# Nitecore hc90 swith problem



## bearbreeder (Sep 27, 2014)

Has anyone else experienced this issue

the switch when moved from right to left from the red to green light position wont trigger the green light sometimes



this a brand new fresh out of the box lamp


----------



## cistallus (Sep 28, 2014)

FYI Vinh recently sold some HC90vn at a discount due to a similar issue: http://www.candlepowerforums.com/vb...Deals-Today)&p=4511343&viewfull=1#post4511343


----------



## Toolboxkid (Sep 28, 2014)

Mine does this also, and once after using in turbo for 15 min or so got stuck on. Had to take battery out to turn off.


Sent from my iPhone using Candlepowerforums


----------



## CyclingSalmon14 (Sep 28, 2014)

Any fix? Or is it looking to be a QC issue?

I'm hoping contacts need cleaning only maby?

I have a HC90vn on way so do hope I won't have this issue mine is not sold as having it though. 

If it doesn't have it when out of box do you think it won't get it or it may develop?

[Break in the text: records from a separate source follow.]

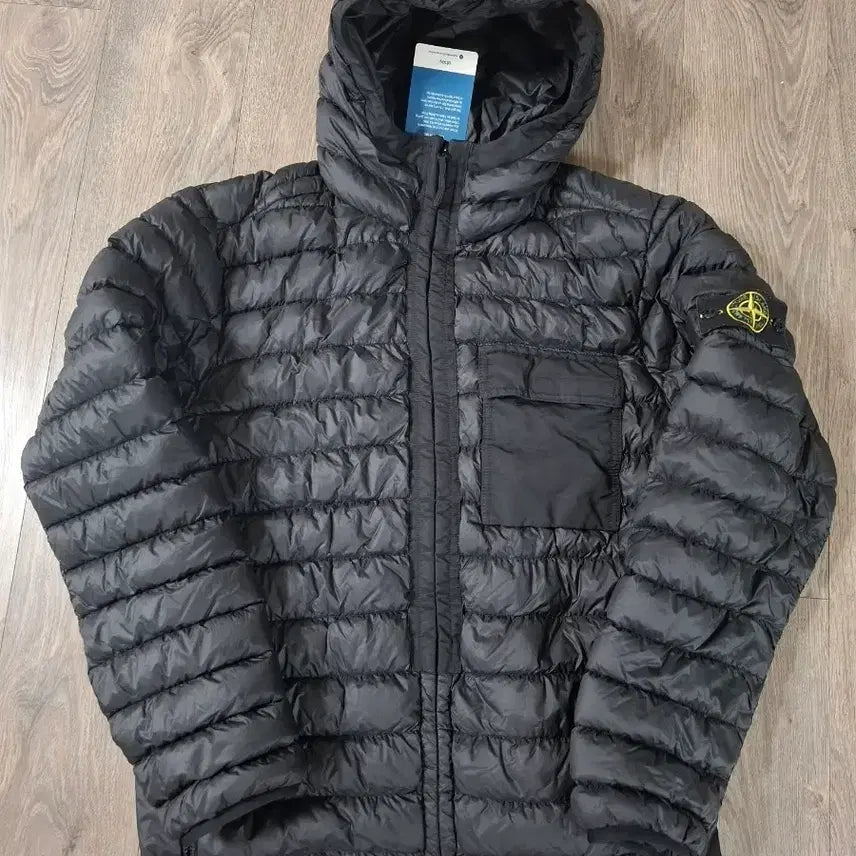 [BUNJANG] Stone Island Garment Dyed Micro Yarn Down Lightweight Padded Jacket 2XL / 2XL 스톤아일랜드가먼트 다이드 마이크로 얀 다운 경량패딩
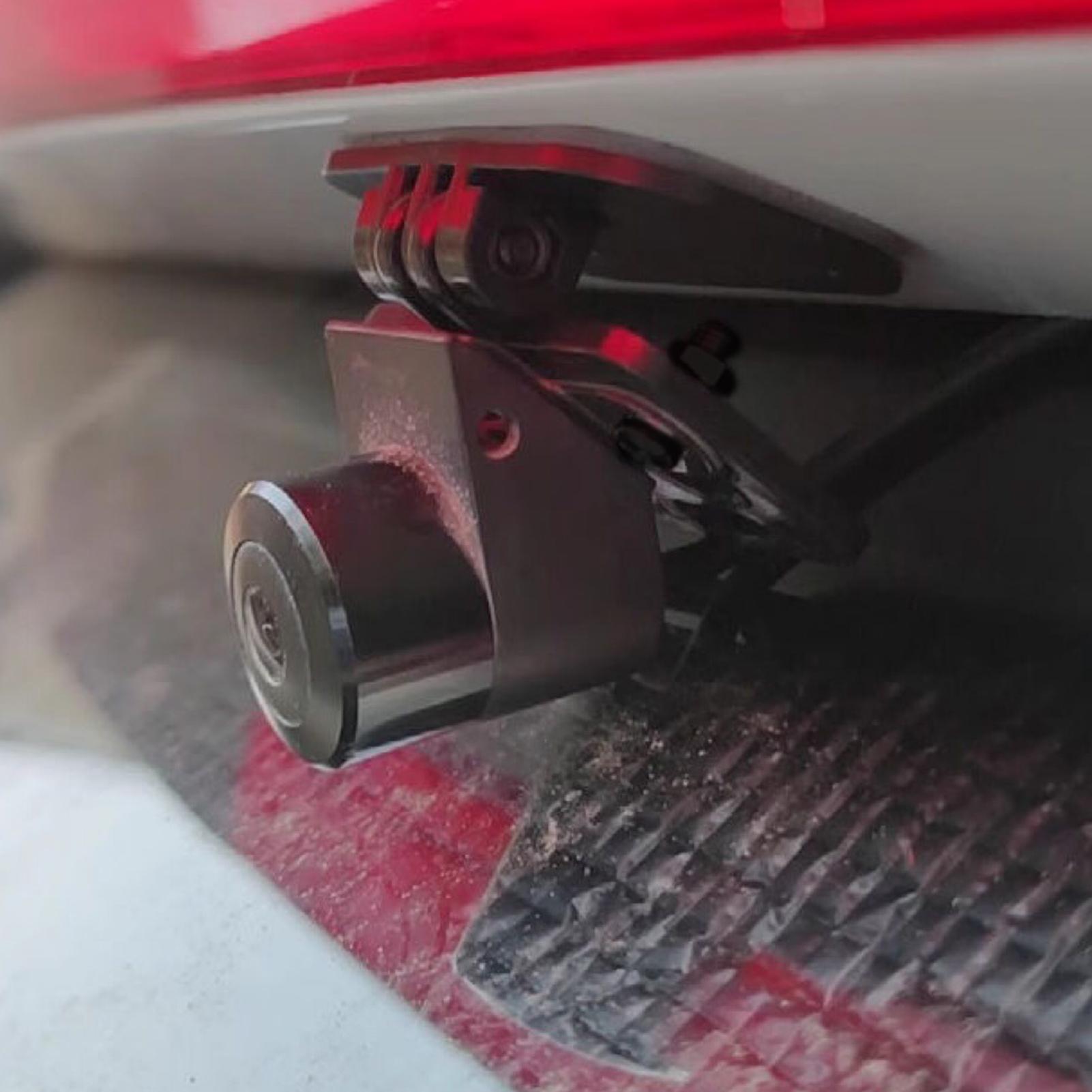 Car Accessories Useful - Arka Kamera Pencere Montaj Aparatı Sabit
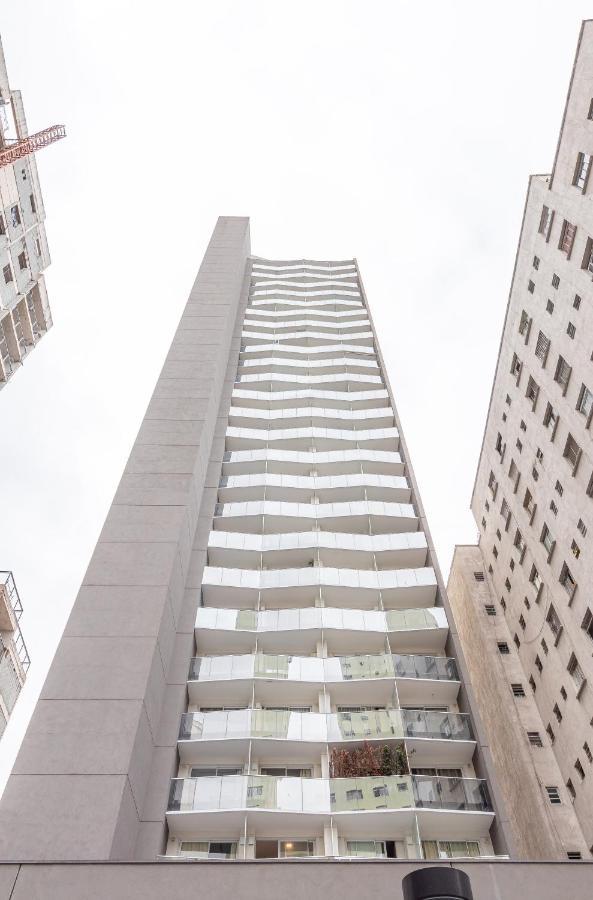 Predio Completo Com Piscina Perto De Estacao De Metro No Centro De Sao Paulo - Setin Downtown Praca Da Se Apartment Ngoại thất bức ảnh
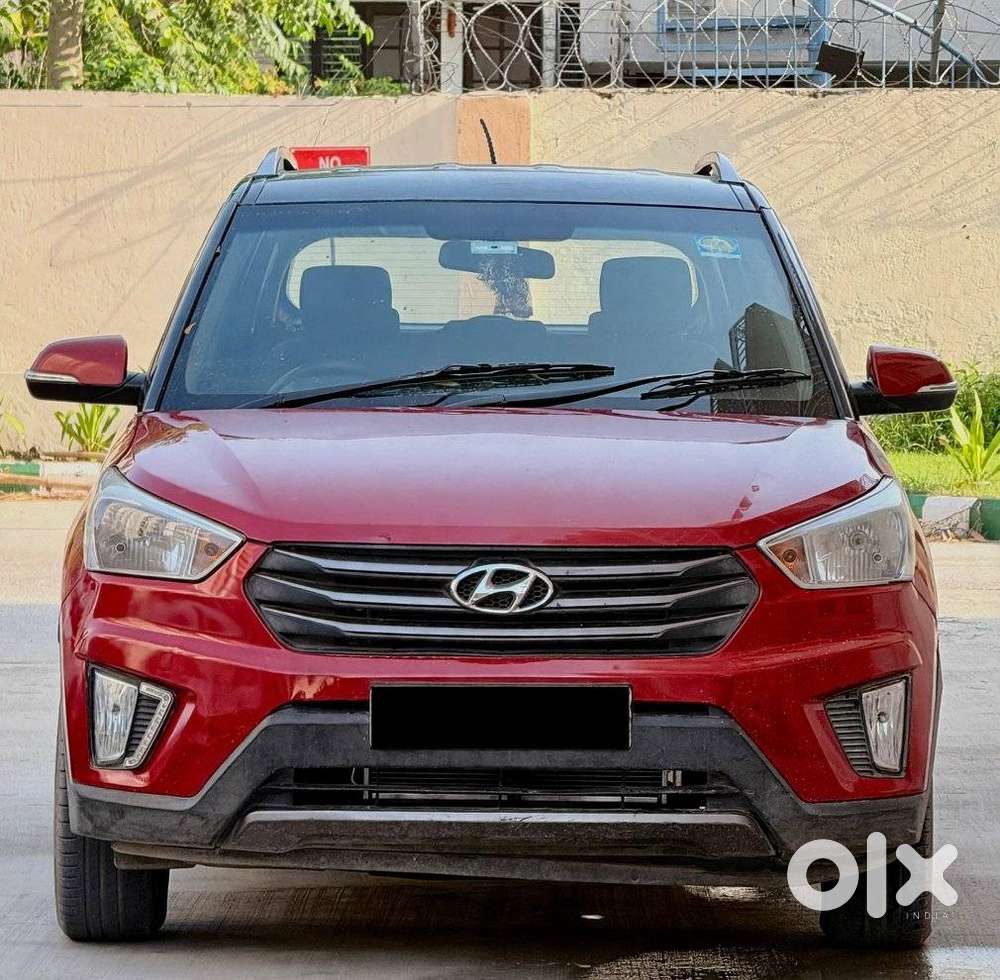 Hyundai Creta 1.6 Vtvt S, 2016, Petrol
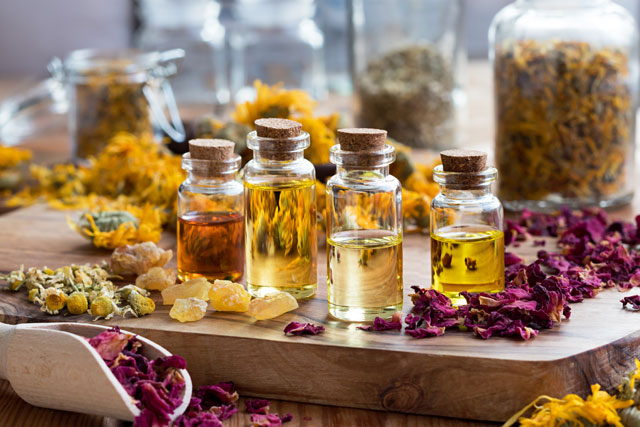 Aromatherapy Courses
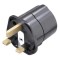 VIVANCO TRAVEL ADAPTER UK PLUG TO SCHUKO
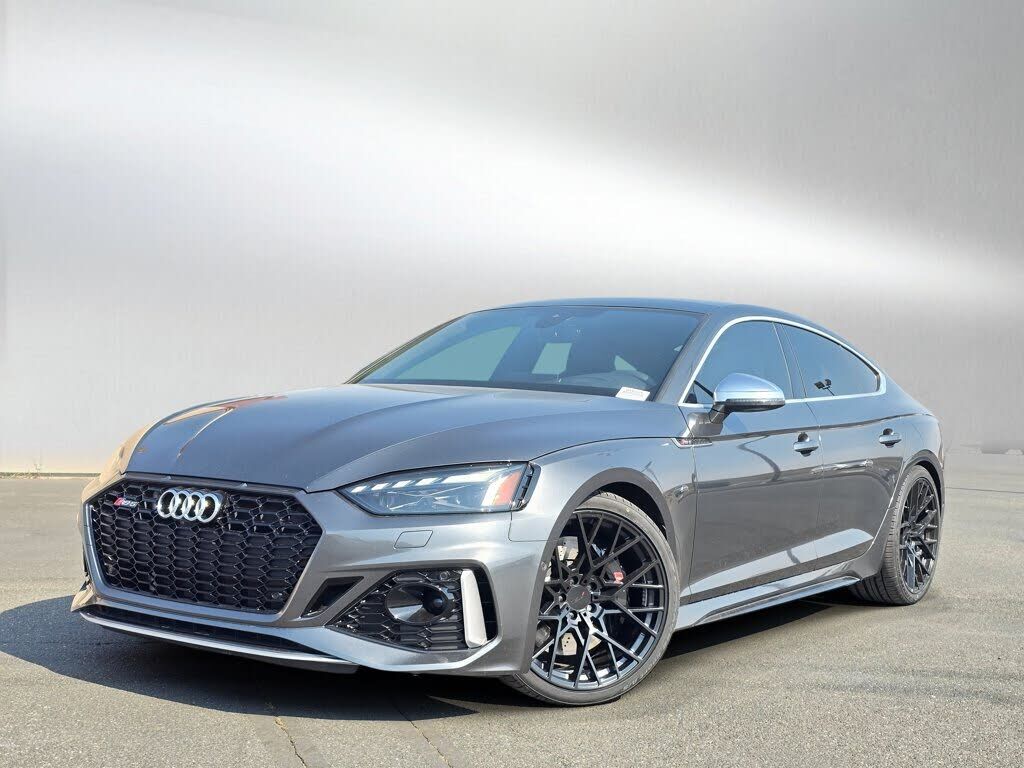 2023 AUDI RS5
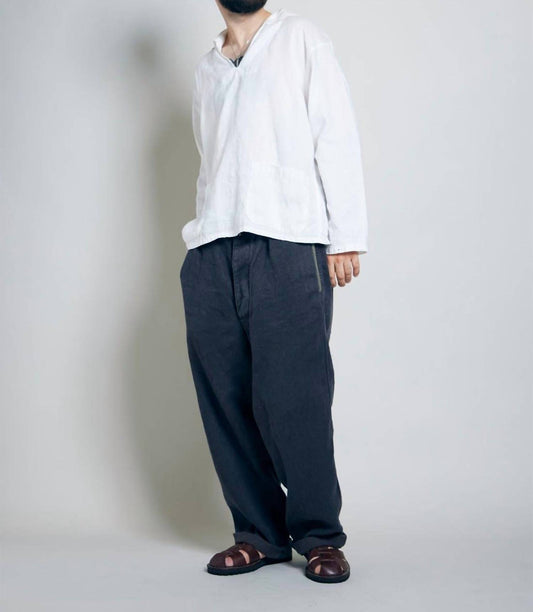 Nigel Cabourn - French Pullover Shirt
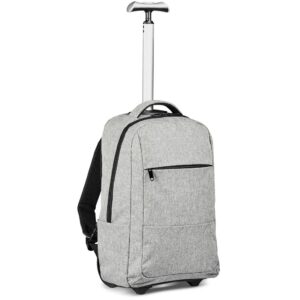 Swiss Cougar San Marino Laptop Trolley Backpack - Image 9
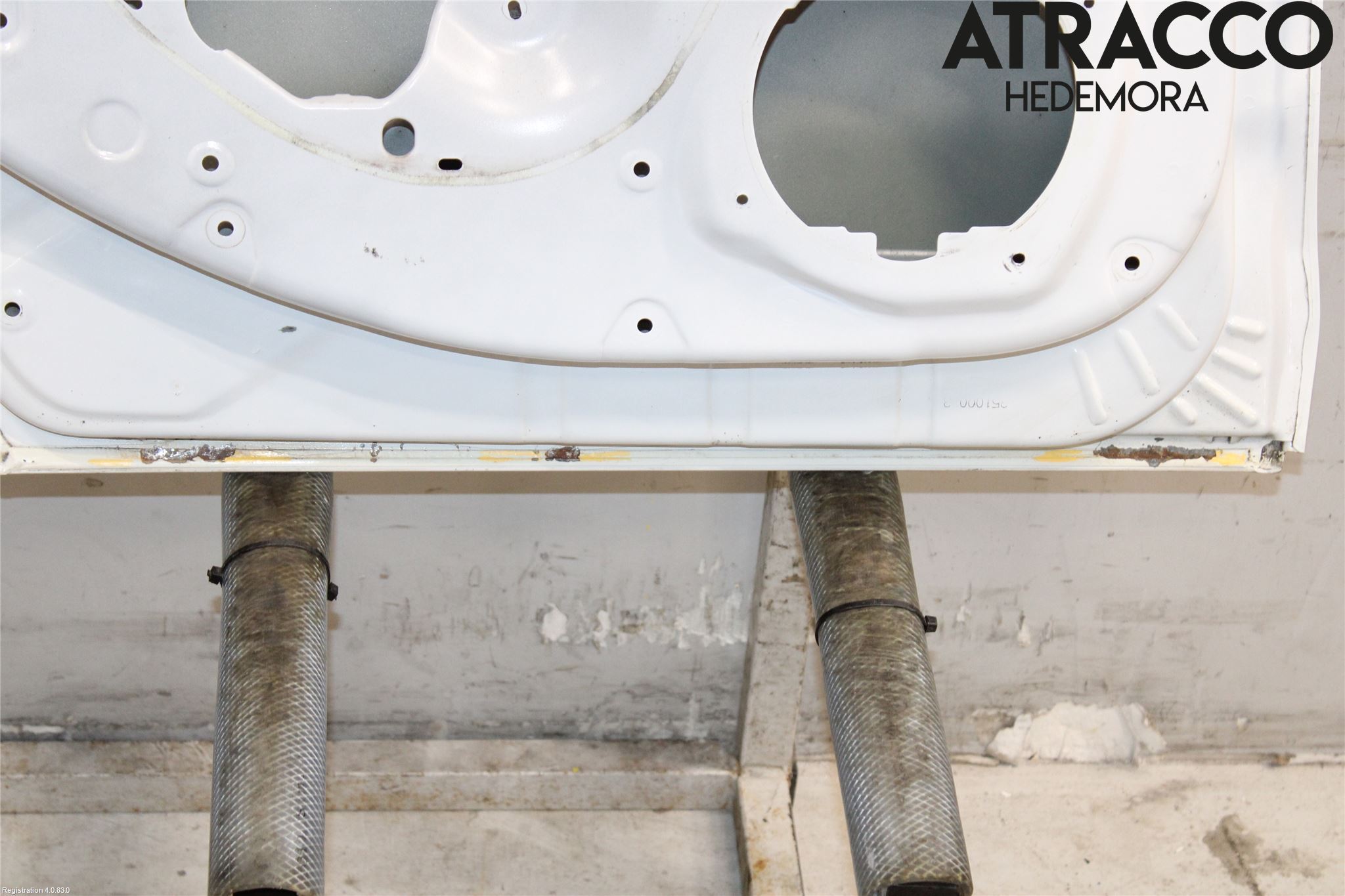 Citroen C5 08-17 Dörr Bak Vänster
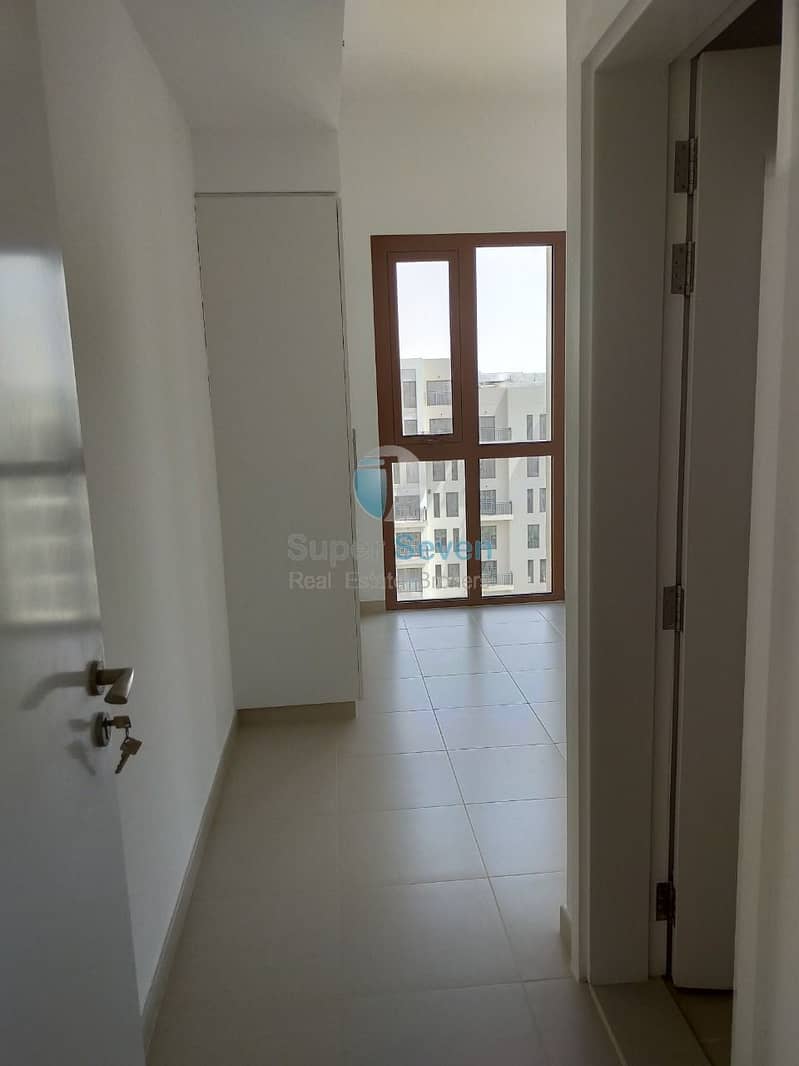 6 3 BHK Duplex   maids room Corner Apartment for sale in Zahra Breeze 3B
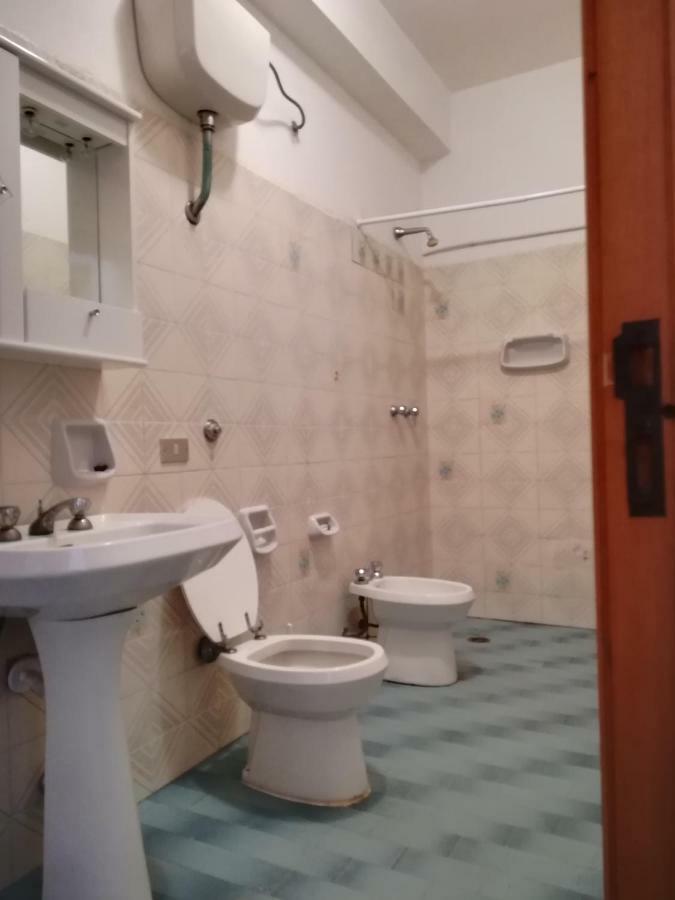 Casa Vacanze Pizzone Lägenhet Peschici Exteriör bild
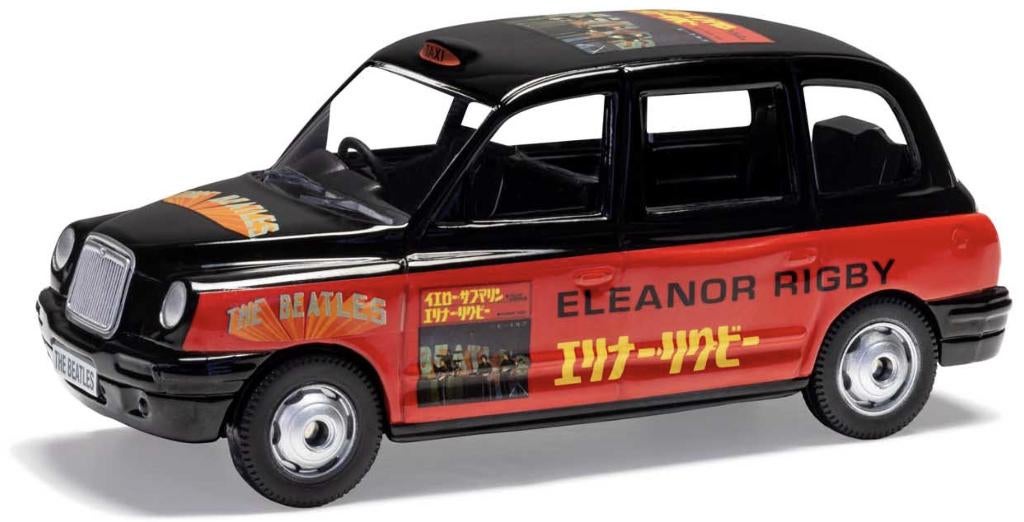 Corgi London Taxi The Beatles Submarine / Schaal 1:36 /NIEUW, Corgi, Auto, Corgi, Nieuw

I'd send this thread to nitecore for advise on the issue.


----------



## RI Chevy (Sep 28, 2014)

Welcome to the Forum! :welcome:


----------



## CyclingSalmon14 (Sep 28, 2014)

I have just sent this thread to nightcore for comment, will post any info I get from them here or maby they will post if they have an account.


----------



## bearbreeder (Sep 29, 2014)

Thanks folks for replying

i didnt expect another vendor to have several of these headlamps new that have this issue

i was debating whether to keep the headlamp but after reading the above where someone with the same issue suddenly had it lock on turbo mode, i think ill send it back

nitecore, get your act together, the HC90 is a "higher priced" headlamp, there shouldnt be these issues with multiple out of the box units ... Your QC should have caught it

i bought mine though edisonBright in amazon, its going to be a bit of a biatch to return and ill lose out on shipping since im in canada right now (picked it up in the US) ... even if i exchange it, which i have to do through the mail, there i may still get another defective lamp and be out shipping costs again

I got this headlamp for technical night climbing, cant have something with swithing issues or might lock on turbo


----------



## drummer132132 (Sep 29, 2014)

I just recently received my HC90 and don't have the issue where the green light is not coming on when the mode is selected. If that changes I will post on here. One thing I did notice though is that sometimes when sliding the switch left, which turns on the variable brightness portion of the light, I noticed there was a delay in the light coming on. Delay as in a few seconds, as if it suddenly realized it was supposed to be on. This has happened once maybe twice and not a big deal for me. I've only owned this light for a few days now and will be using it for a night hike this week so if anything changes better or for worse I'll keep this thread informed. Overall I am really enjoying this light since the light is pretty floody and will light up most of my backyard. I also prefer variable brightness options. One thing Nitecore could have done with this lamp is to replace the green/blue options for beacon/SOS. 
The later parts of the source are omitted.